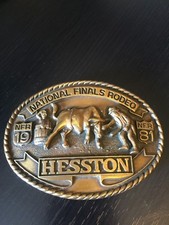Vintage 1981 National Finals Rodeo Hesston Belt Buckle Bull NFR Seventh Edition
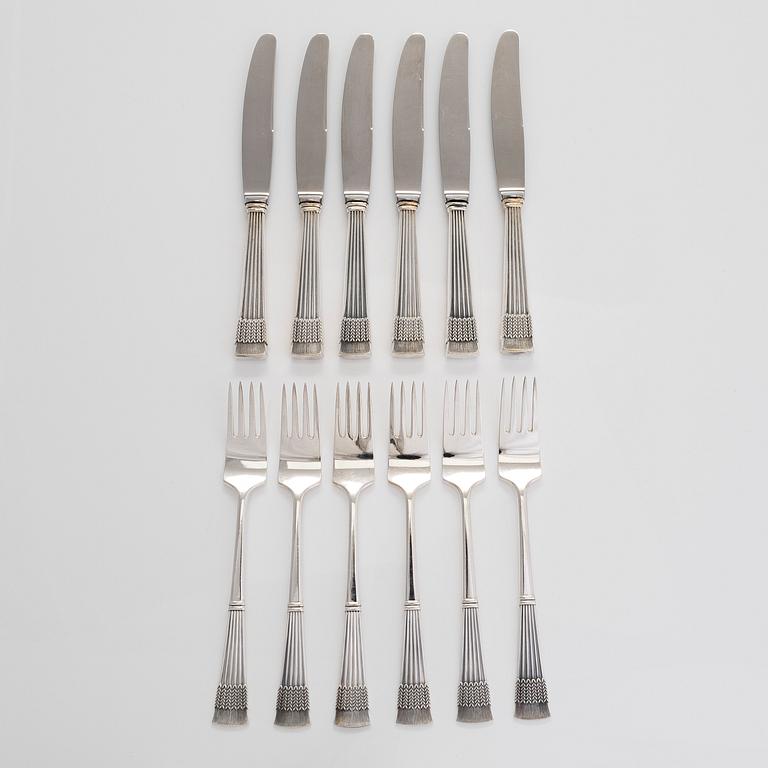 Mauno Honkanen, bestickuppsättning, 16 delar, silver, "Tähkä", Tillander, Helsingfors 1967-68.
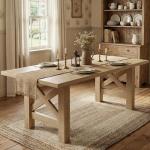 Large Wooden Farmhouse Dining Table for 6-8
══════════
_ABOUT THIS TASK_: Could you copy the data above exactly, leaving the pictures out?

_ANSWER FOR THIS EXERCISE_:
Vintage 1981 National Finals Rodeo Hesston Belt Buckle Bull NFR Seventh Edition
 Mauno Honkanen, bestickuppsättning, 16 delar, silver, "Tähkä", Tillander, Helsingfors 1967-68.
 Large Wooden Farmhouse Dining Table for 6-8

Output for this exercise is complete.